On a personal level, Boonen wasn’t completely satisfied. “It wasn’t good. It could’ve been better but I’m pleased. I didn’t expect too much out of it. Late in the race I got back in the race and felt better. If I can digest tomorrow’s race, well then I can head home as a satisfied man,” Boonen said.
The 35-year-old Belgian rider said he lost out in the battle for positions ahead at the Kruisberg and Taaienberg. “The wind allowed everybody to be more fresh when reaching the key area. I was in front when I needed to, at the Donderij [cobbles between Kruisberg and Taaienberg]. Then I got boxed in because the peloton swerved to the left where I was,” Boonen said.
“I was always two to three rows too far back. As soon as we reached the Kruisberg, coming off the big road to Ronse I ended up behind small crashes or flat tyres. Everybody was battling for positions because everybody wants to be in front. So I was too far behind when hitting the Taaienberg and from there it was misery, always too far back. As soon as I was back in front with Nikki those guys were too far away. I didn’t have the legs to go with them anyway.”

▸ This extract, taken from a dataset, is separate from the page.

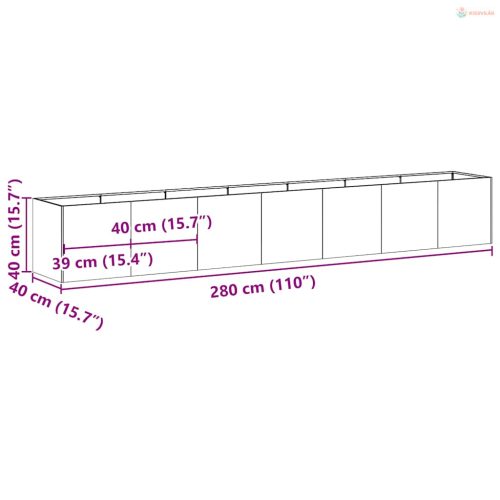 Növénytartó 280x40x40 cm rozsdamentes acélból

When asked whether that was the reason why Boonen wasn’t featuring up front, he admitted that was the case. “Probably. I don’t have to look for apologies. I knew that the big road to Ronse was important. It’s tricky with the wind because you don’t want to be in front too soon. I was saving energy at the back but then there were two crashes just before we hit that road. We were all on a long line and only got back in the peloton at the bottom in Ronse. Then it was over.
"Normally wind isn’t a problem. You’re limping on two thoughts. You try to save energy but that’s how you end up at the back and the you miss the moves.
“It’s a good sign. Mostly we’re not succeeding here whereas we do win later. I hope it makes everybody hungry while the other riders hopefully had enough. It’s still a long time. It’s not good to be at your best level in the Omloop,” Boonen said.